To keep her and take care of her only prisoner, in 2020 alone, the government invested some US $ 172,000, a figure 57 times higher than the amount allocated individually for the rest of the prisoners in other common penitentiaries.
And it is that there, in the prison of Barbadillo, in the neighborhood of Ate, in Lima, it is not only “the most expensive prisoner in Peru”, but also the most famous: Former President Alberto Fujimori, sentenced to 25 years in prison for crimes against humanity.
For years, the “comforts” that the former president has – compared to the unsanitary and overcrowded conditions in which most of the country’s prisoners live – have been the subject of numerous investigations, questions and controversies.
But now, for the first time in more than a decade, the government has shown the intention to change it to a common prison.
Last week, Justice Minister AnĂbal Torres told a local radio station that Fujimori “cannot have privileges” and that he would be transferred to another prison when his health improves (he recently underwent a heart intervention) “because that is what the law establishes.”
“The law says that all those who have committed crimes must be in the same conditions,” Torres said.
“A high-ranking criminal who committed serious crimes while holding a high public office, such as that of the presidency of the republic, should not be treated differently from other criminals,” he added.
The family and followers of the ex-president have for years opposed his being placed in a common prison for “Security reasons”.
BBC Mundo tried to communicate with Fujimori’s lawyer, CĂ©sar Nakazaki, to find out the position of the family and the defense regarding his eventual transfer and about the conditions he has in the current prison, but did not receive an immediate response.
However, last week, the ex-president’s daughter, former presidential candidate Keiko Fujimori, blamed the current government of what could happen to his father in the event of a potential change of criminal offense.
“I believe that changing my father’s prison, the attempt of the Pedro Castillo government, would be an attempt on the life of Alberto Fujimori,” he said.
The announcement of the potential change comes after authorities also transferred Fujimori’s former adviser, Vladimiro Montesinos, from a jail on a naval base to a maximum security prison at the end of August, in what was seen as a turnaround. “Privilege policy” towards members of the government that was in power between 1990 and 2000.
The jail
According to the BBC Mundo, the lawyer Gloria Cano, executive director of the Peruvian Association for Human Rights, the decision to create a special prison for Fujimori was decided upon his extradition from Chile, where he was detained after escaping to Japan.
“So, during the government of Alan GarcĂa (2006-2011) it was decided to create this small prison within the Diroes (the National Directorate of Special Operations of the Police) so that he could be, but also so that it was close to a courtroom and would not have to risk being moved every day“, He says.
However, when the trial ended and Fujimori was sentenced, he was not sent to a common criminal prison to serve his sentence, because according to Cano, it was then considered that they did not meet the conditions to guarantee his safety.
“However, that was taking another turn when it began to be known of the conditions in which he was, that there is nothing wrong, but it would be good if all the prisons and all the prisoners had them then,” he says.
According to official investigation reports that have been leaked by the Peruvian press, the part that Fujimori occupies covers an area of ​​800 square meters inside the Diroes.
The room where he sleeps has about 15 square meters, an orthopedic bed and a television.
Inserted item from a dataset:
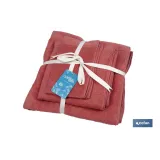 Comprar JUEGO DE 3 TOALLAS CORAL 580 G/M2 G Cofan | almacendeferreteriacor.es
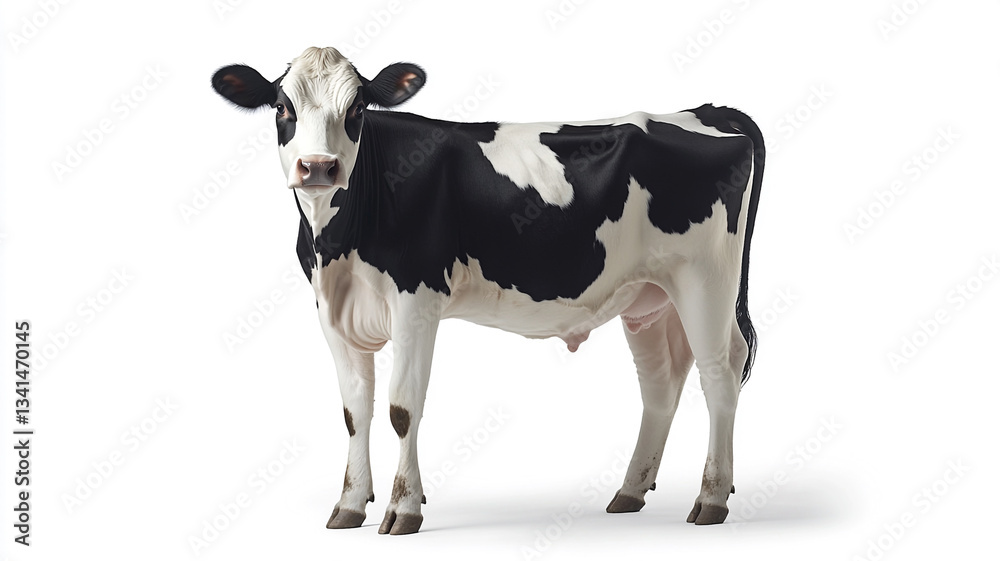 a cow standing isolated on a white background a cow standing isolated on a white background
In his prison, he also has his own bathroom, the kitchen is equipped, has a dining room and a visiting room of approximately 20 square meters.
This occurs in a country where, according to data from the Institute for Crime and Justice Policy Research, prisons have an overpopulation of 223.6%.
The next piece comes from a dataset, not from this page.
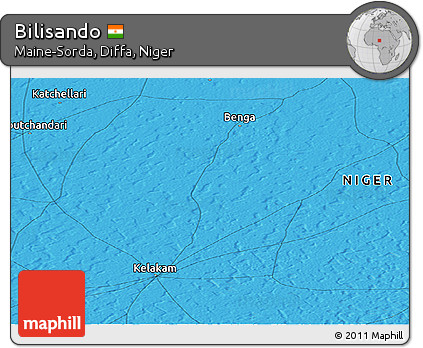 Political Panoramic Map of Bilisando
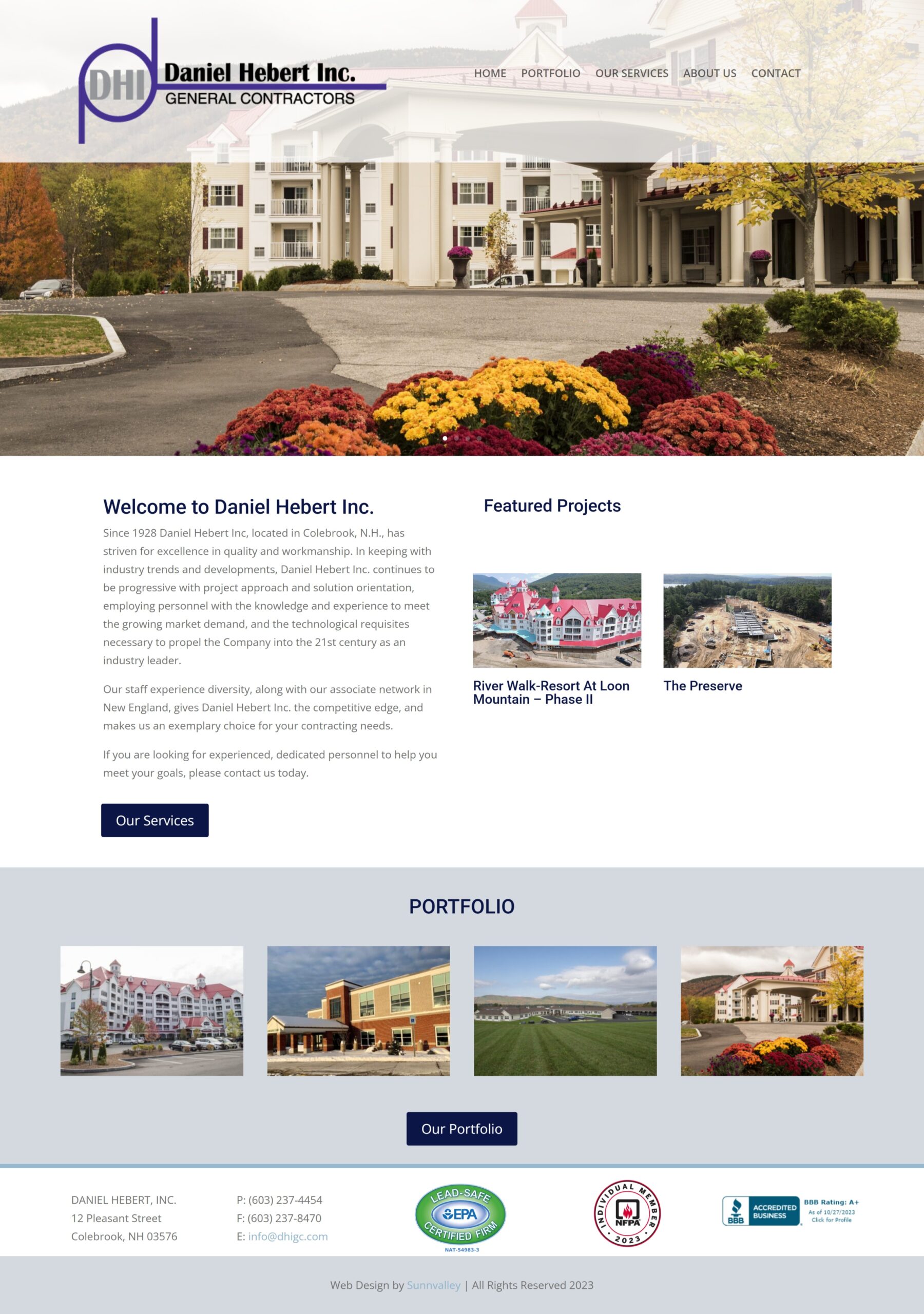 Pioneer Farm Education Center website design by SunnValley LLC, Columbia, NH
“Added to this are costs, which range from personnel to services to security. Logically in a normal jail, the cost is distributed among the prisoners, but here it is all for a single prisoner and maintaining a prison for a single person is very onerous for the Peruvian State“, Says Cano.
According to INPE data, the costs of the Fujimori prison have multiplied over the years.
Between 2011 and 2015, it was estimated that the government spent about US $ 107,632 per year in Barbadillo. By 2020, it had increased by more than 60%.
INPE data suggest that, while in most of the country’s prisons there is one employee for every nine inmates, where there is Fujimori there are about twenty workers just for him.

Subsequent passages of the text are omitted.